▶ TASK TO CARRY OUT
From the first line of the data below, copy each line up to the one containing "CRONOS CONTOUR S/S TEE【BLACK】", and include that line too.

▶ DATASET ENTRIES
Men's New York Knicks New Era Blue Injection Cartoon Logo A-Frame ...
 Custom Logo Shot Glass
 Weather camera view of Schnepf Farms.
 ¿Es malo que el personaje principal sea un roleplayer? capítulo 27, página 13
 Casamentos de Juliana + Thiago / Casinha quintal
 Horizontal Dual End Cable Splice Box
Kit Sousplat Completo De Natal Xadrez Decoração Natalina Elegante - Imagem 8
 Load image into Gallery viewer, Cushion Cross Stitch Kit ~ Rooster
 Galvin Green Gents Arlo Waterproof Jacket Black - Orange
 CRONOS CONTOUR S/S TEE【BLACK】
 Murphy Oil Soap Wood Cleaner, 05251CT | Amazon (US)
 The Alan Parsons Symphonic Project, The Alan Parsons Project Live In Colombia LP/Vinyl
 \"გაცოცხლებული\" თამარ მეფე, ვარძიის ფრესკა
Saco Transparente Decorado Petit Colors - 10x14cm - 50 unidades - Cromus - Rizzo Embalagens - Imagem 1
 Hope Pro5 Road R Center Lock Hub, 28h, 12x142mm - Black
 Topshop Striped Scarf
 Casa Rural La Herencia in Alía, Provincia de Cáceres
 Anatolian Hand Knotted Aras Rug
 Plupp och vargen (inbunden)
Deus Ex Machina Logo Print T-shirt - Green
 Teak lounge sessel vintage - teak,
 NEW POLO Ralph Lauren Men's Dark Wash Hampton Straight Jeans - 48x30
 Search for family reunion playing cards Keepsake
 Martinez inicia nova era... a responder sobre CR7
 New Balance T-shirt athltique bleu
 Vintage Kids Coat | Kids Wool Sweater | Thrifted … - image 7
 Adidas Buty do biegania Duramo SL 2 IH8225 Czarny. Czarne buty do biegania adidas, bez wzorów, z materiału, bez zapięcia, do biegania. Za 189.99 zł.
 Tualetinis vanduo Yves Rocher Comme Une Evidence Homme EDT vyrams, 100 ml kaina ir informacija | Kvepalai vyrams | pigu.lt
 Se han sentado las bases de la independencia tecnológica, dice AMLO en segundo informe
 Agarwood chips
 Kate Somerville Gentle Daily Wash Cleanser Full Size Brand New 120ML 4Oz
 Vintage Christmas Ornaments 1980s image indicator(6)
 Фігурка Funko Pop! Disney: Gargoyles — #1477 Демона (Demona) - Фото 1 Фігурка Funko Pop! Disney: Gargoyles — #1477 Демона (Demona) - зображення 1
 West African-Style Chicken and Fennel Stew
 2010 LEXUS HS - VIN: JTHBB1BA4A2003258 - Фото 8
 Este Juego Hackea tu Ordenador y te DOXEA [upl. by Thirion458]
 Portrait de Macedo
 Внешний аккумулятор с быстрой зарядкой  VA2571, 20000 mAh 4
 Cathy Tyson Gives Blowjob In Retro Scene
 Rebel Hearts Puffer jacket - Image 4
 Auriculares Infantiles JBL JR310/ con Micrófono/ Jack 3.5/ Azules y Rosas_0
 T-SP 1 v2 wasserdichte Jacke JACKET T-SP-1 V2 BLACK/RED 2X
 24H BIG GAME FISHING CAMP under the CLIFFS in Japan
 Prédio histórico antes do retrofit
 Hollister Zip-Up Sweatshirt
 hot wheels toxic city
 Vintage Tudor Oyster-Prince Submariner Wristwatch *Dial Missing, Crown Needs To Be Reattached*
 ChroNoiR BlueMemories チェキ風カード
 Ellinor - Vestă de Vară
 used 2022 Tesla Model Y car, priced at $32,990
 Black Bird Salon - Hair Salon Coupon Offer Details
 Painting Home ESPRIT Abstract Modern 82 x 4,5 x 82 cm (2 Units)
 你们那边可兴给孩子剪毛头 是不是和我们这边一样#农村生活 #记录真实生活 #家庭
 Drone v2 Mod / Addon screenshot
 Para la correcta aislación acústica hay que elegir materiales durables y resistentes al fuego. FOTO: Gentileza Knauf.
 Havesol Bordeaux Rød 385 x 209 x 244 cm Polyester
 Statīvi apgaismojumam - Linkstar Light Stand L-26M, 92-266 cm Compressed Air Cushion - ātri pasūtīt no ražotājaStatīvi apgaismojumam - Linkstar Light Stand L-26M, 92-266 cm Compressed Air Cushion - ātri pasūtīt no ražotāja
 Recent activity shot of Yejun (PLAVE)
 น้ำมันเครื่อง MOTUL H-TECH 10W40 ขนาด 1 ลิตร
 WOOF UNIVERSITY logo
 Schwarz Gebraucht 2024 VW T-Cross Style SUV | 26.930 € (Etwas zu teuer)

▶ WRITTEN ANSWER
Men's New York Knicks New Era Blue Injection Cartoon Logo A-Frame ...
 Custom Logo Shot Glass
 Weather camera view of Schnepf Farms.
 ¿Es malo que el personaje principal sea un roleplayer? capítulo 27, página 13
 Casamentos de Juliana + Thiago / Casinha quintal
 Horizontal Dual End Cable Splice Box
Kit Sousplat Completo De Natal Xadrez Decoração Natalina Elegante - Imagem 8
 Load image into Gallery viewer, Cushion Cross Stitch Kit ~ Rooster
 Galvin Green Gents Arlo Waterproof Jacket Black - Orange
 CRONOS CONTOUR S/S TEE【BLACK】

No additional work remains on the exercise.